Notwithstanding the uncompromising nature of his politics, Bush in his writings tended to express his views in restrained terms, "much more like a reforming patrician Whig than a proletarian revolutionary" according to Michael Oliver in a 1995 Gramophone article. Bush's Grove Music Online biographers also observe that in the politicisation of his music, his folk idioms have more in common with the English traditions of Ralph Vaughan Williams than with the continental radicalism of Kurt Weill.
1930s: emergent composer
In March 1931 Bush and Nancy were married in London, before returning to Germany where Bush continued his studies. In April a BBC broadcast performance of his Dance Overture for Military Band, Op. 12a, received a mixed reception. Nancy Bush quotes two listeners' comments that appeared in the Radio Times on 8 May 1931. One thought that "such a medley of fearful discords could never be called music", while another opined that " should not cry for more Mozart, Haydn or Beethoven if modern composers would all give us sheer beauty like this".At the end of summer 1931 the couple returned permanently to England, and settled in the village of Radlett, in Hertfordshire. In the following years three daughters were born. Bush resumed his RAM and LLCU duties, and in 1932 accepted a new appointment, as an examiner for the Associated Board of London's Royal Schools of Music, a post which involved extensive overseas travel. These new domestic and professional responsibilities limited Bush's composing activity, but he provided the music for the 1934 Pageant of Labour, organised for the London Trades Council and held at the Crystal Palace during October. Tippett, who co-conducted the event, later described it as a "high water mark" in Bush's drive to provide workers' choirs with settings for left-wing texts. In 1936 Bush was one of the founders of the Workers' Musical Association, and became its first chairman.

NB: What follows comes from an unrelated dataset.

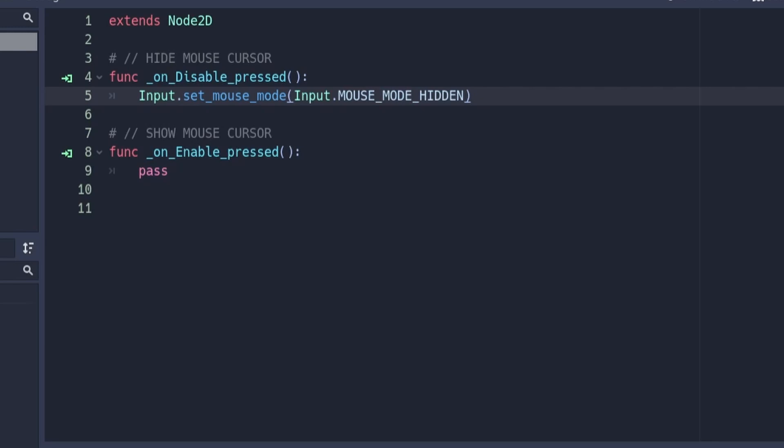If you want to hide the mouse cursor when your project starts you can put this line of code inside of the ready function.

In 1935 Bush began work on a piano concerto which, completed in 1937, included the unusual feature of a mixed chorus and baritone soloist in the finale, singing a radical text by Randall Swingler. Bush played the piano part when the work was premiered by the BBC Symphony Orchestra under Sir Adrian Boult on 4 March 1938. The largely left-wing audience responded to the work enthusiastically; Tippett observed that "to counter the radical tendencies of the finale... Boult forced the applause to end by unexpectedly performing the National Anthem". A performance of the concerto a year later, at the 1939 "Festival of Music for the People", drew caustic comments from Neville Cardus in the Manchester Guardian. Cardus saw little direction and no humour in the music: "Why don't these people laugh at themselves now and then? Just for fun."
Bush provided much of the music, and also acted as general director, for the London Co-operative Societies' pageant "Towards Tomorrow", held at Wembley Stadium on 2 July 1938. In the autumn of that year he visited both the Soviet Union and the United States. Back home in early 1939 he was closely involved in founding and conducting the London String Orchestra, which operated successfully until 1941 and again in the immediate postwar years. He also began to write a major orchestral work, his Symphony No. 1 in C. Amid this busy life Bush was elected a Fellow of the Royal Academy of Music.